Even as late as 2010 and slightly beyond, UIS provides no PHE data for India. Our main alternative source is the partnership of India’s Higher Education Planning Commission, FICCI, and Ernst & Young, publications and personal communications with Ernst and Young’s Amitabh Jinghan and Keshav Kanoria as the Commission’s Pawal Agarwal. Because the only years with data are 2001, 2007, and 2012, we estimate our 2000, 2005, and 2010 figures based on the available years. A new data source is the All India Survey but it provides only 2007 and 2012 and does not differ radically from the partnership data: 55.3% compared to 58.9% for 2012, though with lower absolute figures. Additionally, all these figures exclude distance education, which accounts for 4.1 million enrollments 2012, of which only about 6% are PHE. If we add in distance education for the same year, PHE’s overall share falls from 58.9 to 50.6%. 
Regarding PHE inclusiveness, observers sometimes refer to higher education as either self-financed or government-funded. But the latter includes still legally private colleges, generally affiliated to universities, and operating on public funding. In their early years such colleges were generally self-financed but in the 1960s, system expansion was increasingly fueled by public funds with accompanying government control. This very much fits our government-dependent category, most often seen in Europe. It is also consistent with PROPHE’s general policy of counting as private anything defined nationally as legally private.

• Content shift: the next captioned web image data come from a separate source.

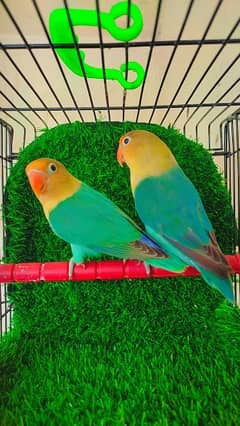 Love Birds Parblue/ Blue fisheri/ Albino/ Blue opline blue pestle ino.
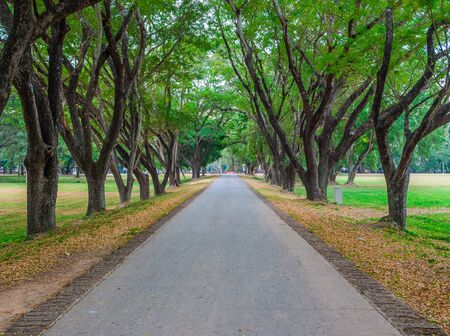 Asphalt Country Road Between Line of Treesの写真素材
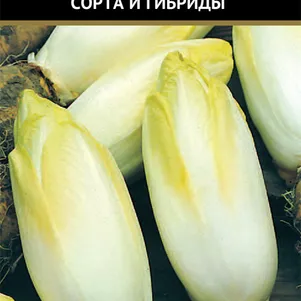Витлуф Ракета 05 г Семена Поиск 50₽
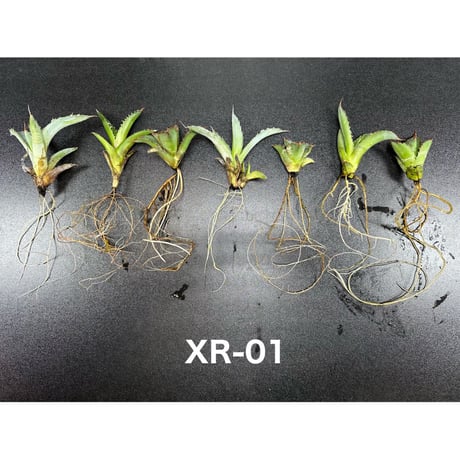 高浸透性ホルモン誘導型発根促進剤 ✴︎XR-01✴︎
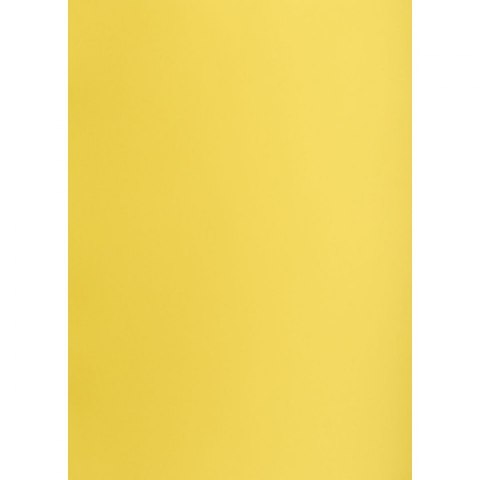Brystol Creatinio żółty B1 żółty 225g 1k (400150264) Brystol Creatinio żółty B1 żółty 225g 1k (400150264)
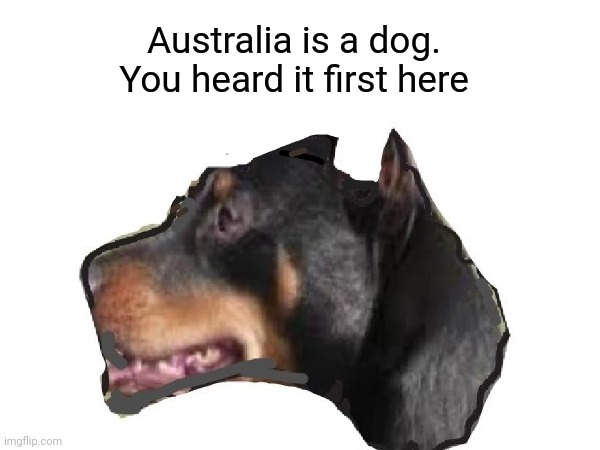 Australia is a Dog | Australia is a dog. You heard it first here | image tagged in dog,raydog,australia,map,google,funny | made w/ Imgflip meme maker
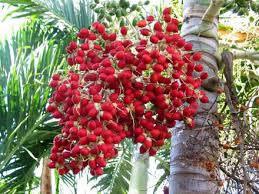 palmeira imperial carpentaria acuminata comprar semente9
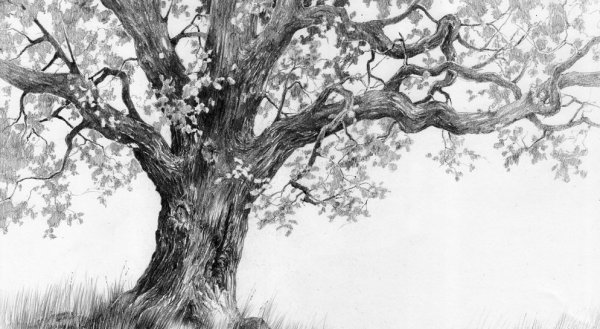 Дерево рисунок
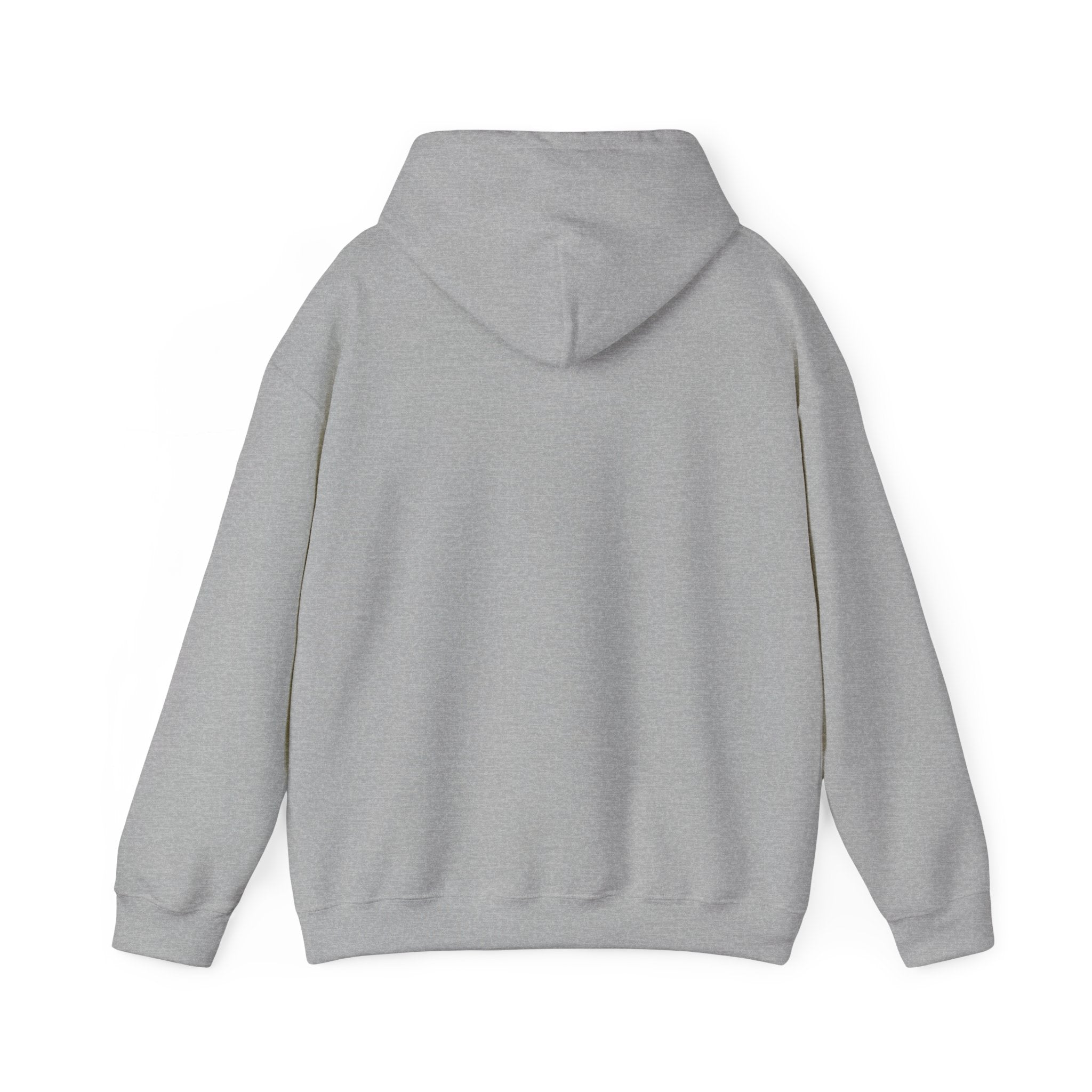 Anxiety University Hoodie — 'Anxiety University Honors Program' Graphic Sweatshirt
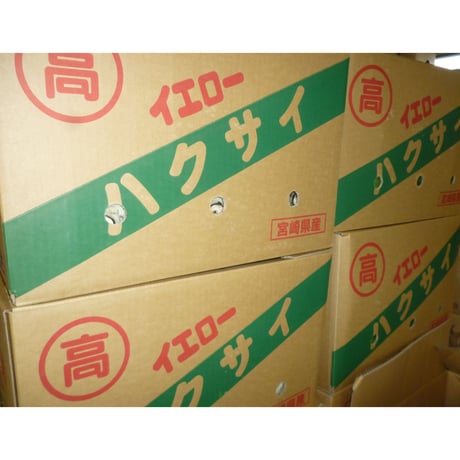 九州産　白菜　１玉/２㎏強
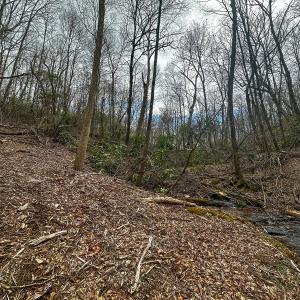Photo #39 of 311 Dan River Rd, Meadows of Dan, VA 116.3 acres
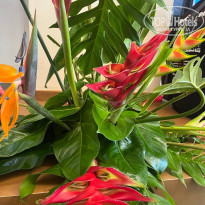 фото из отзыва ID 2598606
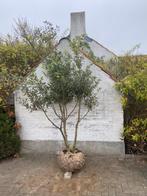 Meerstammige steeneik, Tuin en Terras, Planten | Bomen, Volle zon, Bloeit niet, 250 tot 400 cm, Overige soorten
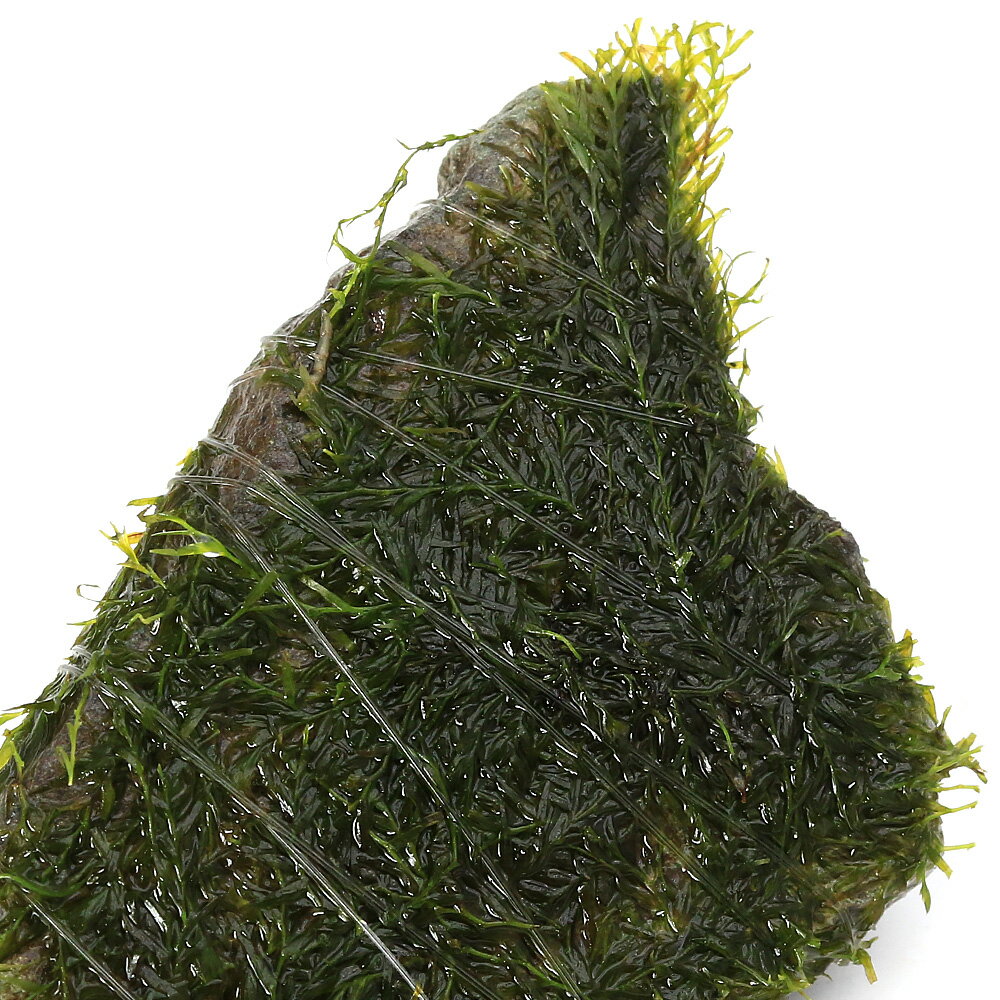 （水草）巻きたて　ウォーターフェザー　風山石小粒（3〜5cm）（水中葉）（無農薬...
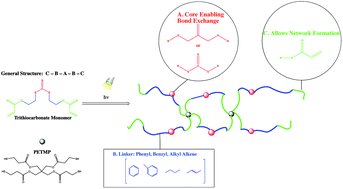 Graphical abstract: Synthesis of novel trithiocarbonate and allyl sulfide containing monomers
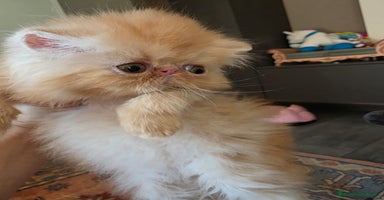 Persiano gatti a Provincia di Padova - Annuncio 9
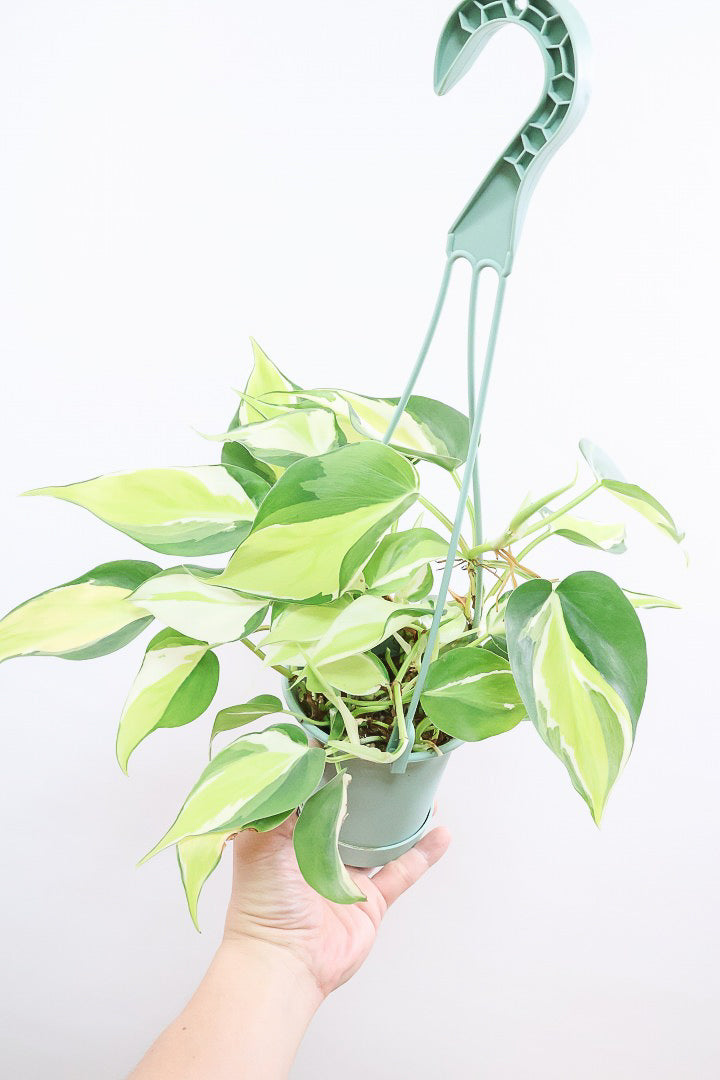 フィロデンドロン クリームスプラッシュPP60018B| 観葉植物の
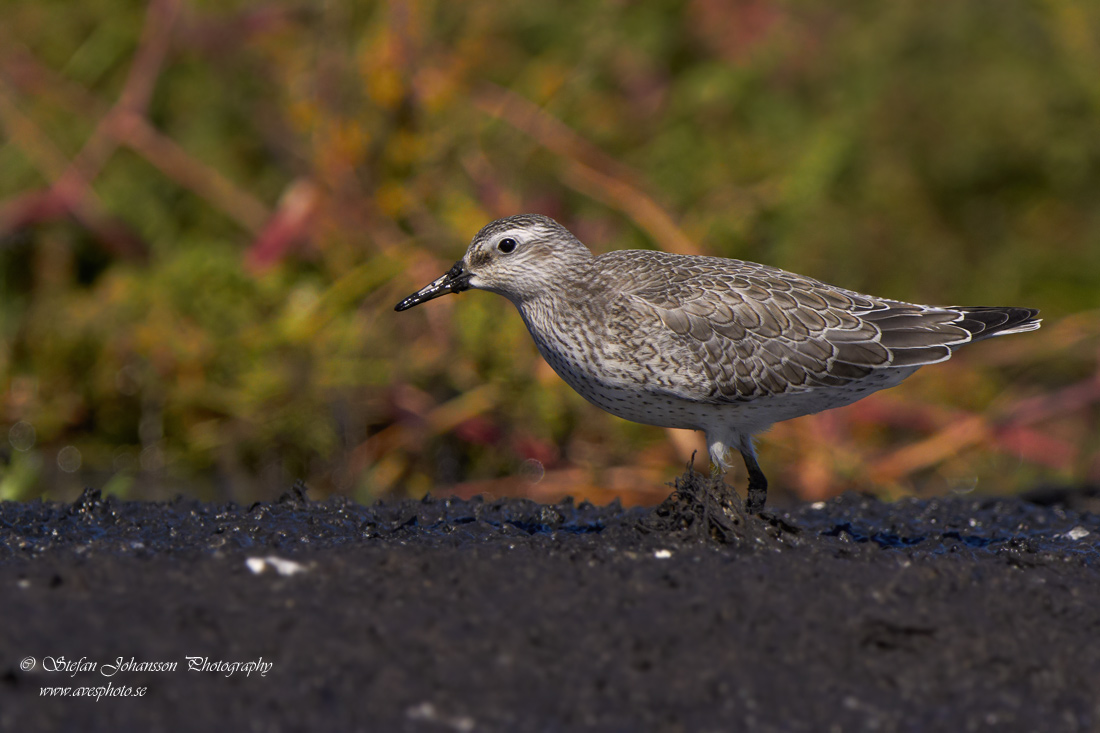 Calidris canutus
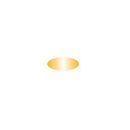 ITALERI 510004671 IT Acrylfarbe Gold glänzend 20ml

18 Iraq  UIS unfortunately shows no data for 2000-2010, though it does for 1999. Furthermore, it puts 0 PHE for 2013 but this is at odds with much evidence of active PHE. Multiple international and domestic web sources show roughly two dozen private institutions, many recognized by the Ministry of Higher Education. For example, 29 "private universities" are listed for 2012 (The Connection, 2012) and this and other lists often leave to the side private universities in Kurdistan. None of these sources gives enrollment figures, however. We therefore keep the private share (39.5%) the UIS showed in its only prior data year, 1999, while using the UIS's 2013 total enrollment (538,125) along with the UIS 1999 total enrollment to estimate total enrollment for our in between years. Of course figures given for countries suffering huge turmoil must be regarded very cautiously.
19 Israel  Israeli data and interpretation come via PROPHE’s Dr. Gury Zilkha. Excluded are part-time students at the Open University (over 35,000 by 2010). Two problems plague the data shown by UIS (2000: 218,563/255,891 =85.4% private; 2005: 262,786/ 310,937 = 84.5%; 2010 307,213/360,378 = 85.2%). The main one is that it counts Israel’s universities as private government-dependent. Although they are incorporated as nonprofit, they are public in the same sense we report for the UK and in parallel to U.S. state universities. Additionally, UIS includes (roughly 60,000) non-academic post-secondary enrollments that should not be considered higher education.
20 Kosovo  UIS provides no data on Kosovo, as a divided UN does not officially recognize it, though many countries do. We use raw enrollment data (provided by A. Papadimitriou) from the NORGLOBAL project. But these come from institutional responses at only two universities and we are unclear about how many higher education institutions should be included. The round numbers also raise red flags. However, the NORGLOBAL share (41.2%) approximates that in Zgaga et al.’s (2013) study on the West Balkans, which reports its sources as national statistics offices. Zgaga does not give raw enrollment but its national shares match or are within 2% of the UIS shares on 5 other West Balkan countries, differing by more only on Montenegro.
21 Luxembourg *  Luxembourg remains listed as 0, though it is not clear whether some enrollment should be government-dependent private. In any case, the country’s total higher education enrollment is in our very small category, under 10,000.
22 Mauritania  Although UIS still shows 0 PHE in Mauritania in 2013, several private higher education institutions have been created recently (Sawahel, 2015).
23 Montenegro 

Though PROPHE lacked PHE data for Montenegro in its 2010 dataset and calculations (and the UIS lacked such data at least through 2016), Papadimitriou, Levy, Stensaker, & Kanazir (2017) show 20.2% (4,283/ 21,199) for 2010.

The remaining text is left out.